For this edition, we have received 62 submissions from 163 authors of 24 countries. 14 of these submissions were selected for publication as long papers (10 pages), 22 as short papers (6 pages) and 5 as demo papers (4 pages) for a total of 41 presentations. This is the result of a balance between inclusiveness and a very competitive and rigorous review process, which was carried out by a Program Committee composed by 72 recognised experts in the field. The result was a total acceptance rate (long, short and demo papers) of 66.1%, which testifies the overall good quality of the submissions, with 22.5% acceptance rate for long papers.
The accepted papers cover a broad array of topics, from argumentation and legal reasoning, to legal ontologies and semantic web; from machine and deep learning to natural language processing for legal knowledge extraction, as well as argument mining and translation of legal texts; from defeasible logic, legal compliance and explainable AI, to alternative dispute resolution, legal drafting and smart contracts.

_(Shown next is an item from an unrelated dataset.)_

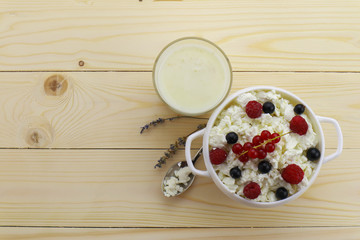 Composition with cottage cheese, fresh berries and yogurt on wooden table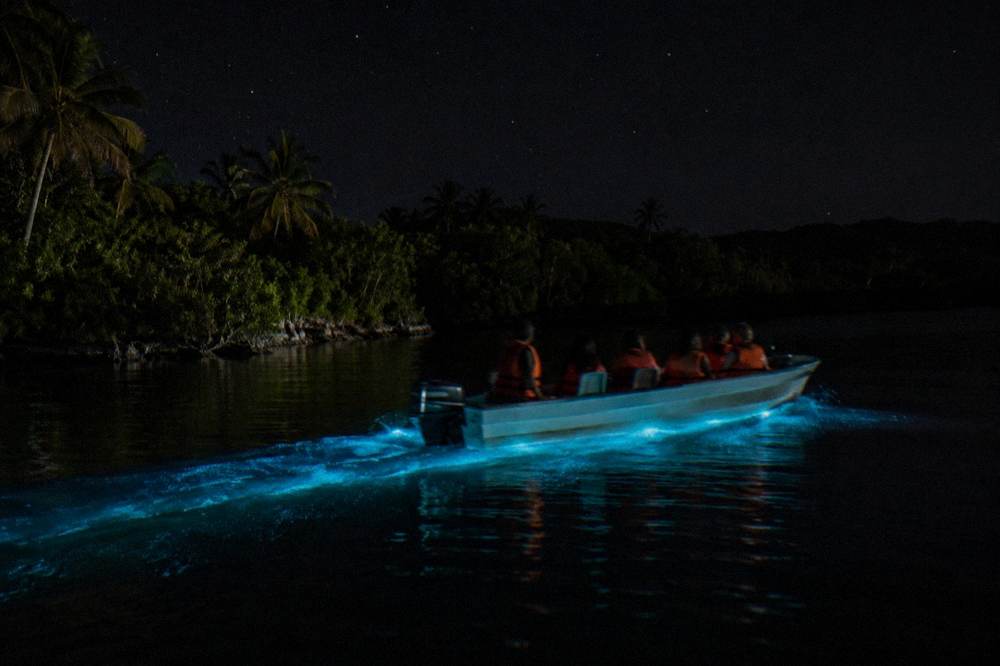 A tour boat with passengers in life jackets crossing dark water with a soft glow trailing behind the hull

Three invited speakers, from different and complementary areas (industry, European institutions and academia), have honored JURIX 2022, by kindly accepting to deliver their keynote lectures: Martin Rollinger, Paul Nemitz and Mireille Hildebrandt.
Martin Rollinger is the CEO of Sinc, a leading company in Germany in the implementation of AI and legal informatics in the judiciary. In the past 20 years, he’s been involved with numerous e-Government projects in domains such as education, law enforcement, intelligence and environmental management. He has been responsible for one of the largest projects in the digitization of German courts and public prosecutors offices and has been actively involved in building tools and products in the AI and law space for the past 10+ years.
Paul Nemitz is the Principal Advisor in the Directorate General for Justice and Consumers of the European Commission. He was appointed in April 2017, following a 6-year appointment as Director for Fundamental Rights and Citizen’s Rights in the same Directorate General. As Director, Paul Nemitz led the reform of Data Protection legislation in the EU, the negotiations of the EU – US Privacy Shield and the negotiations with major US Internet Companies of the EU Code of Conduct against incitement to violence and hate speech on the Internet. He is a Member of Commission for Media and Internet Policy of the Social Democratic Party of Germany (SPD), Berlin and a visiting Professor of Law at the College of Europe in Bruges. Paul is also a Member of the Board of the Verein Gegen Vergessen – Für Demokratie e.V., Berlin and a Trustee of the Leo Baeck Institute, New York. He chairs the Board of Trustees of the Arthur Langerman Foundation, Berlin.
Mireille Hildebrandt is Research Professor on ‘Interfacing Law and Technology’ at Vrije Universiteit Brussels (VUB), appointed by the VUB Research Council, and co-Director of the Research Group on Law Science Technology and Society studies (LSTS) at the Faculty of Law and Criminology. Mireille also holds the part-time Chair of Smart Environments, Data Protection and the Rule of Law at the Science Faculty, at the Institute for Computing and Information Sciences (iCIS) at Radboud University Nijmegen. Her research interests concern the implications of automated decisions, machine learning and mindless artificial agency for law and the rule of law in constitutional democracies.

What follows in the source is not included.